Output nothing except the lines from the one containing "Royal Gorilla 🦍" through the final line of the data, both included, typed exactly, minus the pictures.

Raw data:
┄┄┄┄┄┄

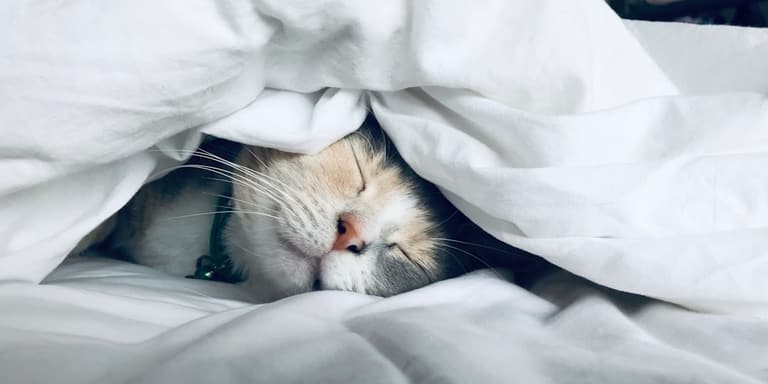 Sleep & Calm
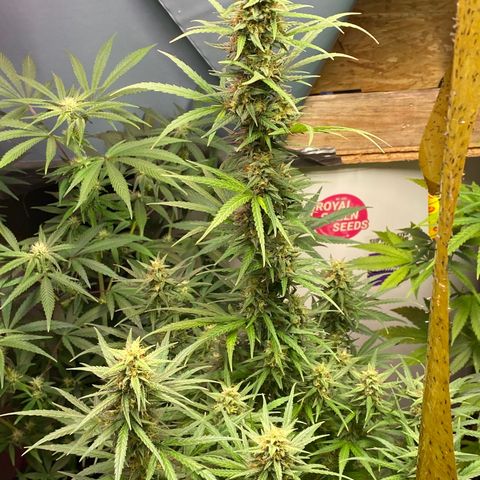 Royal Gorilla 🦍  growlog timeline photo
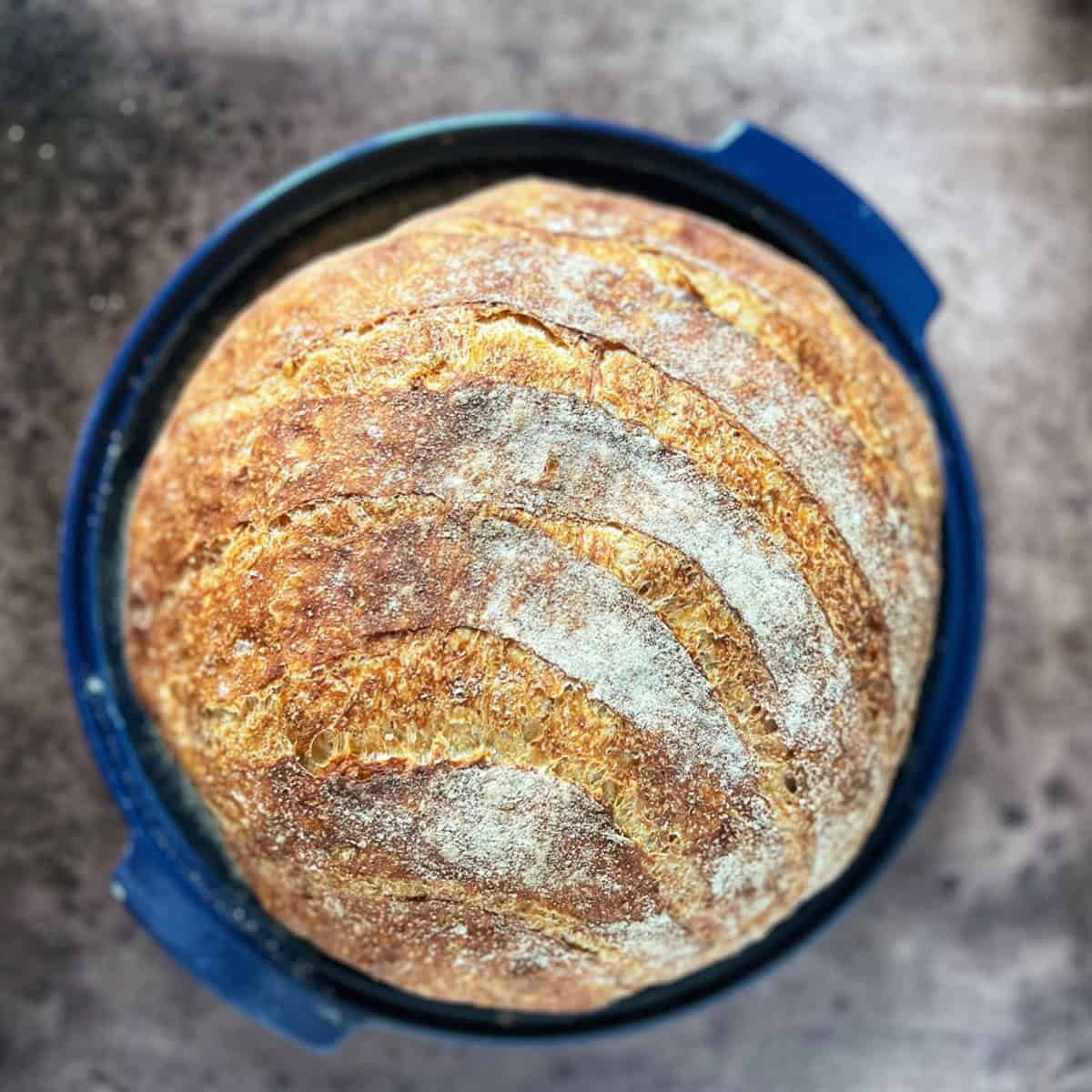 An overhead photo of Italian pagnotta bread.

┄┄┄┄┄┄

Response area:
 Royal Gorilla 🦍  growlog timeline photo
 An overhead photo of Italian pagnotta bread.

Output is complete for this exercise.